After this happens, the firewall stops monitoring the connection, which may later allow something malicious to enter unhindered.

Stateful Inspection Firewall

This firewall, also known as a dynamic packet filtering firewall, is unique in its ability to monitor ongoing connections as well as store and remember past connections.

It began by operating at the communication layer (Layer 4), but today such firewalls can monitor multiple layers, including application Layer 7.

Layer 7 means it can analyze and filter traffic based on specific applications, rather than just looking at the source of the message and the destination IP address and port.

This firewall updates the filtering rules based on the login history in the state table by the screening router.

Filtering decisions are often based on administrator rules when setting up computers and firewalls in general, but the state table allows these dynamic firewalls to make their own decisions.

For example, traffic types that caused problems in the past can be filtered out in the future.

Proxy firewall

Proxy firewalls, also known as application-level firewalls (Layer7), feature the ability to read and filter application protocols.

It combines application level inspection or ‘deep packet inspection (DPI)’ and stateful inspection.

Unlike other types of firewalls, it acts as a separate agent (or proxy) between external networks and internal computers.

A proxy firewall is like a real physical barrier, that is, it acts as a guard at the gate to watch and evaluate incoming data, allowing the data to pass through to the user if no problems are detected. is

The downside of this type of heavy security is that it sometimes interferes with incoming data that poses no threat, causing network disruptions.

Next Generation Firewall (NGFW)

Evolving threats demand new solutions and these firewalls stay on top by combining traditional firewall features with network intrusion prevention systems.

Hybrid firewall

As the name suggests, hybrid firewalls use two or more firewalls together in a private network.

Firewall example and key events

Real-world applications of firewalls in practice have attracted both praise and controversy.

Although firewalls have a long history of success, this type of security must be properly implemented to prevent exploitation.

Additionally, firewalls have been known to be used in ethically questionable ways.

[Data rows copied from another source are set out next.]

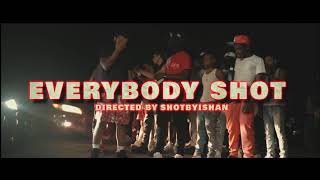 Everybody dissed in Everybody Shot by Bear Bando Cj Goon Choopa Joeyfrmdao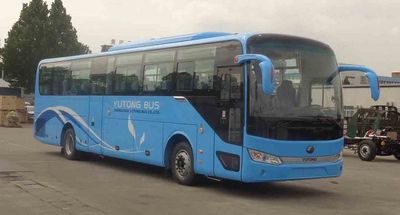 Yutong ZK6125CHEVP5G1Plug in hybrid urban buses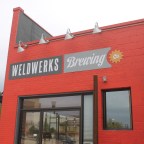 Beer in Situ: Weldworks Brewing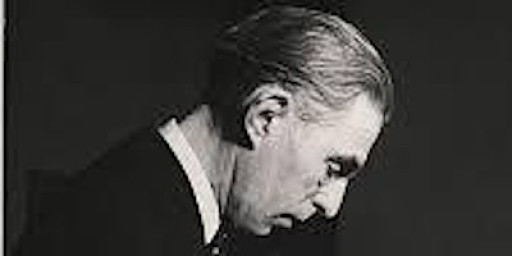 Short Concerts Series: Concert Three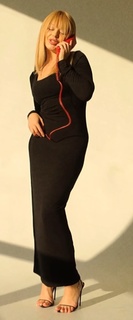 Tina Karol feet photo thumbnail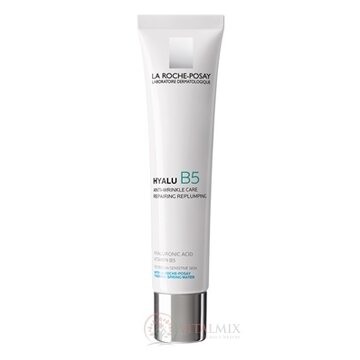 LA ROCHE-POSAY HYALU B5 ANTI-WRINKLE CARE starostlivosť proti vráskam 1x40 ml obrázok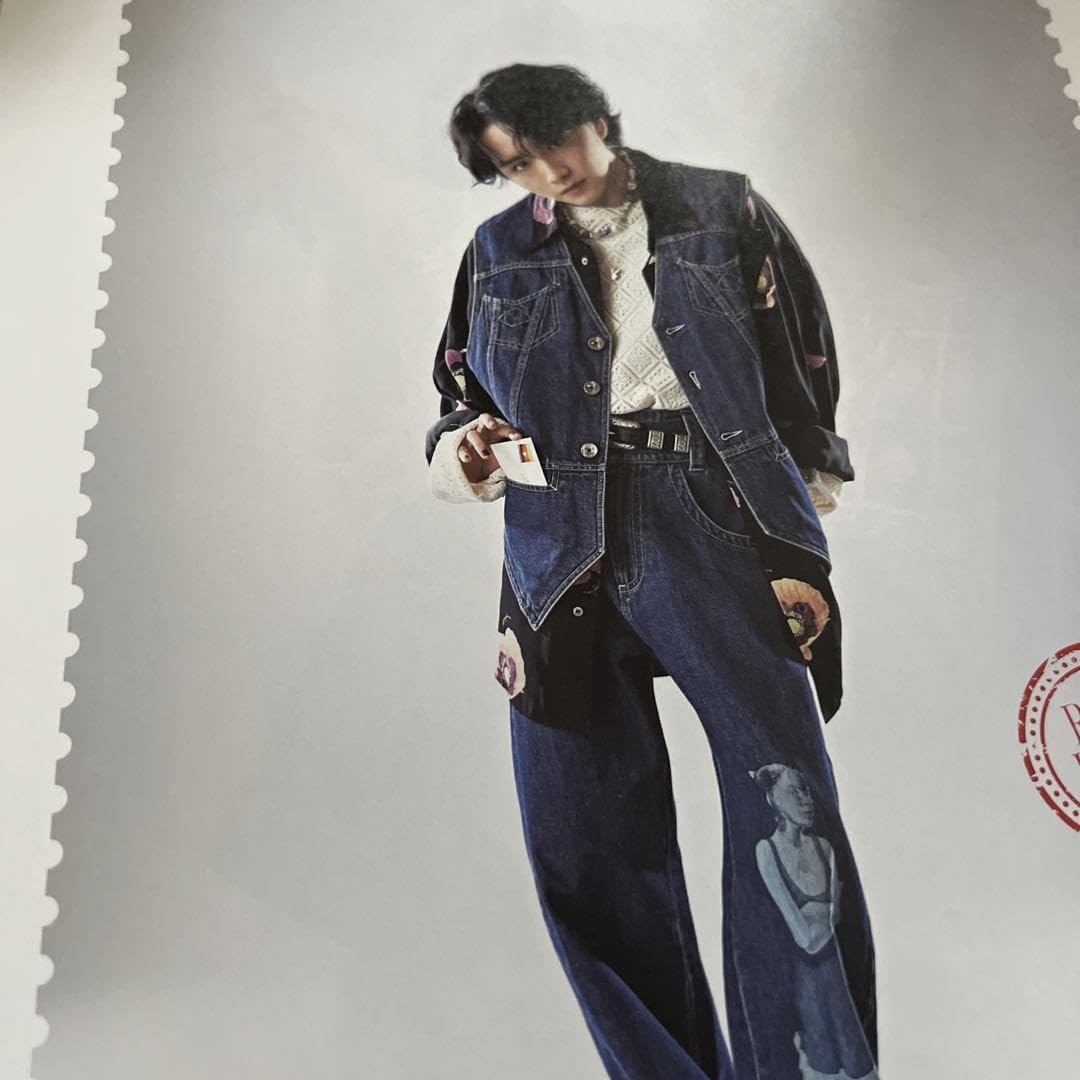 Amazon.co.jp: NYLON JAPAN 2022.4 板垣李光人×宮世琉弥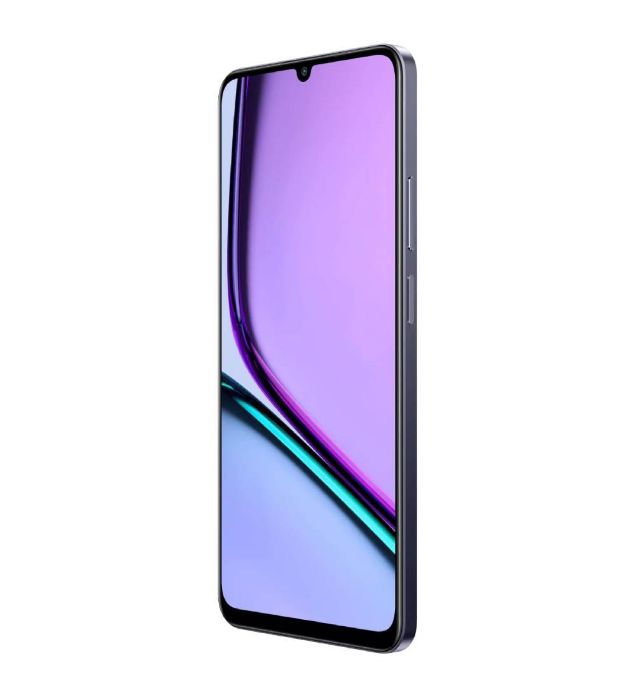 تصویر  گوشی موبایل ریلمی Note 60 4G ظرفیت 128 گیگابایت رم 4 گیگابایت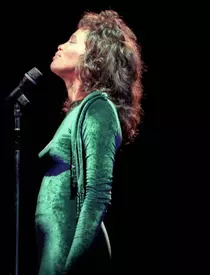 Whitney Houston
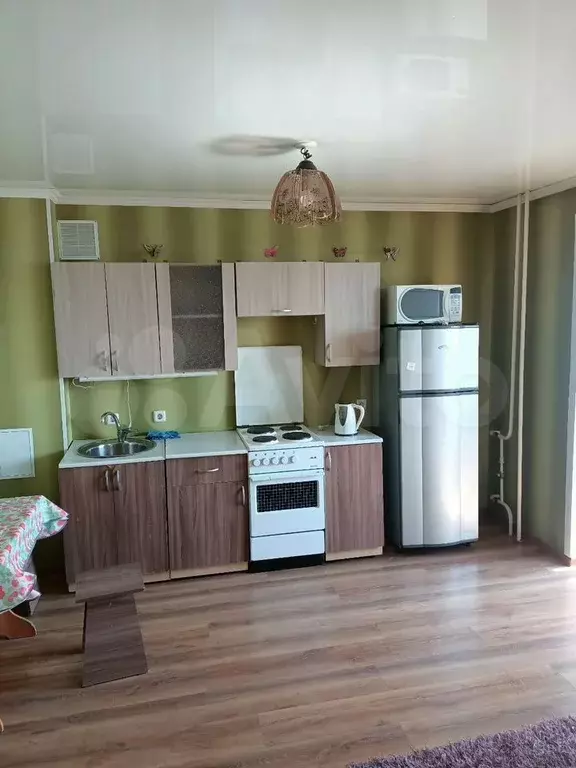 Квартира-студия, 34 м, 7/9 эт. - Фото 0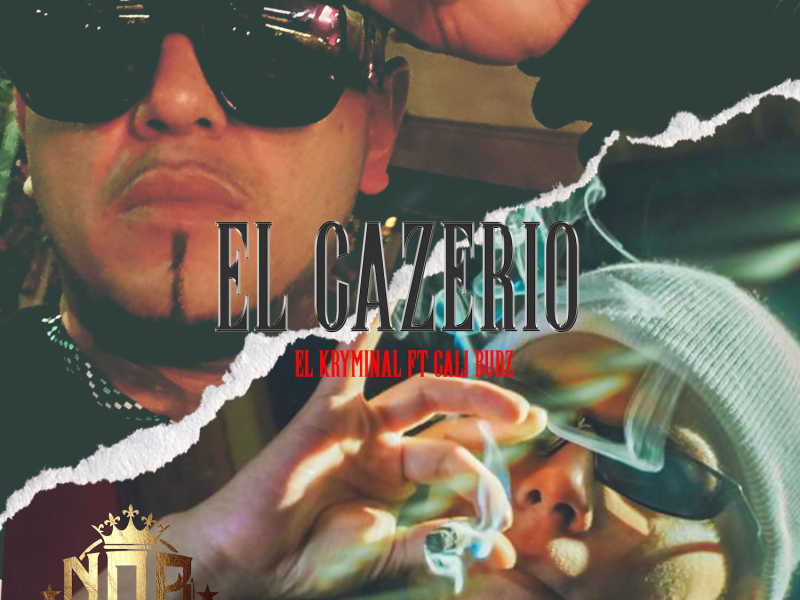 El Cazerio (feat. Cali Budz) (Single)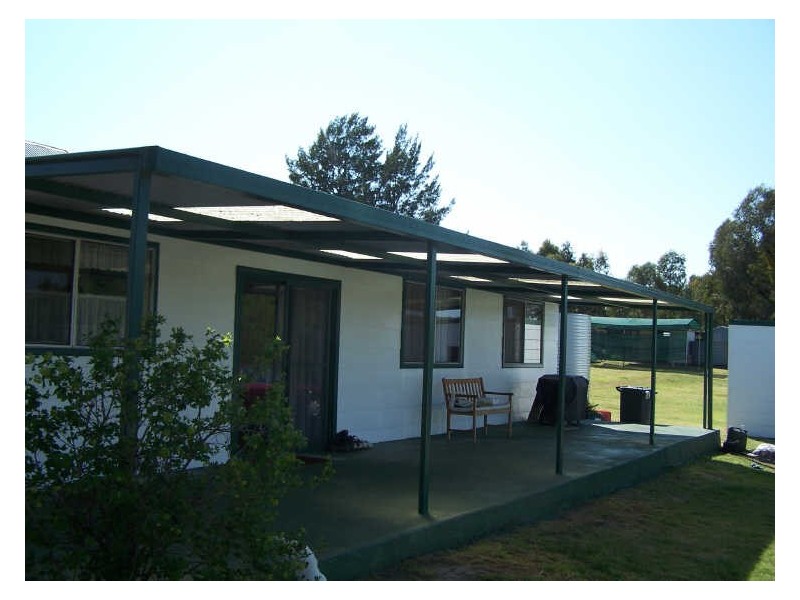 24 Molong Street, Stuart Town NSW 2820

China’s Great Firewall and Internet Censorship

Since 2000, China has built an internal firewall framework for the Internet in the country.

China’s firewall system allows its government to restrict Internet services to local companies, making it much easier to control things like search engines and email services.

US federal agency

In 2020, a misconfigured firewall security led to a cyber attack on the network of a US federal agency.

American Powerhouse

In 2019, a US power grid was affected by a Denial of Service (DoS) vulnerability that was exploited by hackers.

Firewalls on the perimeter network were stuck in a reboot loop for about ten hours, later determined to be the result of a vulnerability in the firewalls.

These incidents highlight the importance of regular software updates.

Without it, a firewall is a network security system whose vulnerability can be harmful.